Short text fragments from websites
-- -- --
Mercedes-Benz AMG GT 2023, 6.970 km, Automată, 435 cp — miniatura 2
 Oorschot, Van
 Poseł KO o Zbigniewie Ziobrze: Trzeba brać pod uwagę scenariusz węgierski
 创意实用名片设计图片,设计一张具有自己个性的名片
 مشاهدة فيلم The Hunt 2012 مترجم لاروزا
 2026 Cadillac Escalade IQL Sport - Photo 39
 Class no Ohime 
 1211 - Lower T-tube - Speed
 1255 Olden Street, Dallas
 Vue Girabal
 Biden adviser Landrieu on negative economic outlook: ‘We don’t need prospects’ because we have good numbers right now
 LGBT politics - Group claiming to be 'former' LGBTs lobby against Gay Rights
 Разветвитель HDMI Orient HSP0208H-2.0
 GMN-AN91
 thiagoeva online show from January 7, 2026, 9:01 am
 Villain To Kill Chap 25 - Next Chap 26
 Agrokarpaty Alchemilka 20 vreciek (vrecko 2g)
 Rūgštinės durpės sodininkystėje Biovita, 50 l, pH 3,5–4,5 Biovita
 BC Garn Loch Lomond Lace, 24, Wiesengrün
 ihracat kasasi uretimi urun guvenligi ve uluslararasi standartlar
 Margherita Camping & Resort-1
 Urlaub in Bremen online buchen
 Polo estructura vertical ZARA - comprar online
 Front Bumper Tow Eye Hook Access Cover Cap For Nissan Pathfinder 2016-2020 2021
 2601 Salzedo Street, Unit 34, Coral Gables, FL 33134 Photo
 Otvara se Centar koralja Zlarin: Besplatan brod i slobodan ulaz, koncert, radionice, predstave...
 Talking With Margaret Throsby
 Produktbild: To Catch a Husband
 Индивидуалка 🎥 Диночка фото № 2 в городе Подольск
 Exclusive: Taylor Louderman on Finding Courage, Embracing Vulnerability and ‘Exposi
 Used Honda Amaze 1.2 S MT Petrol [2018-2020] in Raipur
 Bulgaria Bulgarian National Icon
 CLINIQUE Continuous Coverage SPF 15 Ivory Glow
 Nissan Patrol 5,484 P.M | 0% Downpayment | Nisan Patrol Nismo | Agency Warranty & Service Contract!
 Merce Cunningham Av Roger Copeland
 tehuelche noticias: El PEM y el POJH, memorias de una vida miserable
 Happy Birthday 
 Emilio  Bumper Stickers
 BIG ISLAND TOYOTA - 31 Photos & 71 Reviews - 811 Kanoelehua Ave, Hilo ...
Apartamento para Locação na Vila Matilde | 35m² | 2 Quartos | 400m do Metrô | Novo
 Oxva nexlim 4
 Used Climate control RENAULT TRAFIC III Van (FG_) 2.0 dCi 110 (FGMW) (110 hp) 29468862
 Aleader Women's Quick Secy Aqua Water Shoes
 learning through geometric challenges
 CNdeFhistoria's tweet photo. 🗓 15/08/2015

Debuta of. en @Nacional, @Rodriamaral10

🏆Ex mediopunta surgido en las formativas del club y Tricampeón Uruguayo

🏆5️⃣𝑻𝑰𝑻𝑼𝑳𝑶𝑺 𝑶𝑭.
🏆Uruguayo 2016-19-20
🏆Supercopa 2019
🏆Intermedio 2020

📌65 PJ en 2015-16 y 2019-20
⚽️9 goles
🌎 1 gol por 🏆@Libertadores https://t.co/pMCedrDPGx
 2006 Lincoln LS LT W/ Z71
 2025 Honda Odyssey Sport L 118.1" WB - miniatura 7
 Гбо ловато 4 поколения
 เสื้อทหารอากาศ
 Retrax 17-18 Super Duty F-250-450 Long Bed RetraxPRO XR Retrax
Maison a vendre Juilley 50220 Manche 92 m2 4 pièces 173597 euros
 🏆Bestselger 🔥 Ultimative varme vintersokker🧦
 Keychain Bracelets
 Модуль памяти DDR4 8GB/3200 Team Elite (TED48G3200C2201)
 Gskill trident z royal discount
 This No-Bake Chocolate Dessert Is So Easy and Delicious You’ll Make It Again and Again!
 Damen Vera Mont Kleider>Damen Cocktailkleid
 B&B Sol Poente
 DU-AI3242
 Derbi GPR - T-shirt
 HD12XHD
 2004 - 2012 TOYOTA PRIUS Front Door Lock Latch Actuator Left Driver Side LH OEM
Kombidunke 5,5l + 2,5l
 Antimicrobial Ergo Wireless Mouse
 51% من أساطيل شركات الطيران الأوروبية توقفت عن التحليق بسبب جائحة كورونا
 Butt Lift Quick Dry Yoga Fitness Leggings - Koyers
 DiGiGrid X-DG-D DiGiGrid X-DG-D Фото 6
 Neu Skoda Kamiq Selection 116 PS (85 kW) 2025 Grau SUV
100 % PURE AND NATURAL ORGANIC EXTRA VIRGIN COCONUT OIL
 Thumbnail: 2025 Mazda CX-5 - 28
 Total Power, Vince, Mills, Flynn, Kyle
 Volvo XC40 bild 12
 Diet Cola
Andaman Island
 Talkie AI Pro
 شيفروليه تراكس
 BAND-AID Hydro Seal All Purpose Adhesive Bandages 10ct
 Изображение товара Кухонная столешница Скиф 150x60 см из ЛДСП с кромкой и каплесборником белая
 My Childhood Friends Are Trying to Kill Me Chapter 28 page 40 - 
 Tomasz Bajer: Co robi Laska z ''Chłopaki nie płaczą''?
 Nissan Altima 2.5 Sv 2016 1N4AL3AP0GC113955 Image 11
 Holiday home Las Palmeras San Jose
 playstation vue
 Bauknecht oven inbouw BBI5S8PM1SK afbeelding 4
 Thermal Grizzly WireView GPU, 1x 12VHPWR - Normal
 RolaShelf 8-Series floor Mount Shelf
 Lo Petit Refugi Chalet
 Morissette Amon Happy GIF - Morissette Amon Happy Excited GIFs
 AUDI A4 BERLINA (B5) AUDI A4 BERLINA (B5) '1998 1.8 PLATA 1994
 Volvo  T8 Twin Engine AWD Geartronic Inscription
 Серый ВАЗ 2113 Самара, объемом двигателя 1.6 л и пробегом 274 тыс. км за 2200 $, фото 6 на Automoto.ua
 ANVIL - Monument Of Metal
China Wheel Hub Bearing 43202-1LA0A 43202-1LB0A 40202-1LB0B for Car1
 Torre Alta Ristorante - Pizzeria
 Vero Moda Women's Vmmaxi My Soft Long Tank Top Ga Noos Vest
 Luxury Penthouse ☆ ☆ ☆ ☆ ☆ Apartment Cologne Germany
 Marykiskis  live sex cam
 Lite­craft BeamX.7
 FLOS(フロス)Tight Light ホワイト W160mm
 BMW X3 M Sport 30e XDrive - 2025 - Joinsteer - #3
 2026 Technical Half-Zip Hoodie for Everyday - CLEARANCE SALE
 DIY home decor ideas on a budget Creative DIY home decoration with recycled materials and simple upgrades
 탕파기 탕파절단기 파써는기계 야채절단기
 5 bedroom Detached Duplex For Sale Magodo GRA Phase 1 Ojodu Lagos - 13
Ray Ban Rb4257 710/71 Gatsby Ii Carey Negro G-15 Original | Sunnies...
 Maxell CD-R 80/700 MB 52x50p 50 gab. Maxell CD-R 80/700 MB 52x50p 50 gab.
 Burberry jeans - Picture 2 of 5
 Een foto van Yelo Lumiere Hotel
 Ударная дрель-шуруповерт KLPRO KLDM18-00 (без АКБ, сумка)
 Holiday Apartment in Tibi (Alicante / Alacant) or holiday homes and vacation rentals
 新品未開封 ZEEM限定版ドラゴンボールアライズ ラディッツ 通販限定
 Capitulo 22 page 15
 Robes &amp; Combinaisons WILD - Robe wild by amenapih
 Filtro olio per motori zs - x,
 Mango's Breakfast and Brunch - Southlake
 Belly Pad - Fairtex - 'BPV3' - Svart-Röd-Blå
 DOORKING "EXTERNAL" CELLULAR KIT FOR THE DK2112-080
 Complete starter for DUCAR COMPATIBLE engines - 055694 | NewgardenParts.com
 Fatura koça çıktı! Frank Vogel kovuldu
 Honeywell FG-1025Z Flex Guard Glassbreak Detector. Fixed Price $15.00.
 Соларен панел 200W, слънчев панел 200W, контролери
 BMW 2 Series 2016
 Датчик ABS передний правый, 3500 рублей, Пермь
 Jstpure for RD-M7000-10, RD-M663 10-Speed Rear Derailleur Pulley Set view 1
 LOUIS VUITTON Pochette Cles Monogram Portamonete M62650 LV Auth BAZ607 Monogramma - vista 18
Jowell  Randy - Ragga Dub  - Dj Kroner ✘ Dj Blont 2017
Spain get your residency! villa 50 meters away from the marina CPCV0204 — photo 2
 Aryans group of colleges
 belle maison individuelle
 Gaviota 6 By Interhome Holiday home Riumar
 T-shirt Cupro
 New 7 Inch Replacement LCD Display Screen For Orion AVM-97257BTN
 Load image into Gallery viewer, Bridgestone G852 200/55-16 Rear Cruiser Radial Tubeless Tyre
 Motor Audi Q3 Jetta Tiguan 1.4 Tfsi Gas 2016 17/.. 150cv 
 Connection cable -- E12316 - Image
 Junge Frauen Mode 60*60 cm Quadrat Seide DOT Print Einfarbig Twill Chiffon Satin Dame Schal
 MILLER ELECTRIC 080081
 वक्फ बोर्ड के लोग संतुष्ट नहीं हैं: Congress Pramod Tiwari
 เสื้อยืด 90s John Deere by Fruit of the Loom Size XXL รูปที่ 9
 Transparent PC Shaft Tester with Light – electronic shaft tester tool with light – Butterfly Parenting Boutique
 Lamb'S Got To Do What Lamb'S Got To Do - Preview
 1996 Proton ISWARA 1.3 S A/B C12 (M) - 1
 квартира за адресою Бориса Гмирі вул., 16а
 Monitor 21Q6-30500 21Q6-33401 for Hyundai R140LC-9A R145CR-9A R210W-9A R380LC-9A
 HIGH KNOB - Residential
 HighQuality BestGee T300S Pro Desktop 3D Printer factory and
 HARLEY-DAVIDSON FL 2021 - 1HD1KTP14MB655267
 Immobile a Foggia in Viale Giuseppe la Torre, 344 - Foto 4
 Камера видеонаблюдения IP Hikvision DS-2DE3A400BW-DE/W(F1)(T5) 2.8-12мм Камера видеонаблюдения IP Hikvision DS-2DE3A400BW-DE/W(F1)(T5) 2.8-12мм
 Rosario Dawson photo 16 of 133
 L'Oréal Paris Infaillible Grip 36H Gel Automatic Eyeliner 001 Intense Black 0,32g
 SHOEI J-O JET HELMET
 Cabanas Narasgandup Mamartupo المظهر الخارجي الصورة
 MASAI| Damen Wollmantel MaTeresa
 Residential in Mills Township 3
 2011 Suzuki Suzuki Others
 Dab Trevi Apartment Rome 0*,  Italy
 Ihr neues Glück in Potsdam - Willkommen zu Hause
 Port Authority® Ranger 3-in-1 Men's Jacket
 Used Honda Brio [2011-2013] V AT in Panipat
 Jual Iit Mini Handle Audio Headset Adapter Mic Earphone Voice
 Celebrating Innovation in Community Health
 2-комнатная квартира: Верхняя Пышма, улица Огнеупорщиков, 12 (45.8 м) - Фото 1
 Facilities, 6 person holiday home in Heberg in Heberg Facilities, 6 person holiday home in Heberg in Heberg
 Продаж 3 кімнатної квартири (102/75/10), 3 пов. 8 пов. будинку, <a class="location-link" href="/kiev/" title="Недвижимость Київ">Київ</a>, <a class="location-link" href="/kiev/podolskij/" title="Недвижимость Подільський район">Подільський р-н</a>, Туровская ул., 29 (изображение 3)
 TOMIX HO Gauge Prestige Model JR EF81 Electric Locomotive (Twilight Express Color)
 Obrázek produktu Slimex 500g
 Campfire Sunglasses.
-- -- --
= Task directions =
Copy down each line in the entries that has the word "Nissan".

= Response area =
 Front Bumper Tow Eye Hook Access Cover Cap For Nissan Pathfinder 2016-2020 2021
 Nissan Patrol 5,484 P.M | 0% Downpayment | Nisan Patrol Nismo | Agency Warranty & Service Contract!
 Nissan Altima 2.5 Sv 2016 1N4AL3AP0GC113955 Image 11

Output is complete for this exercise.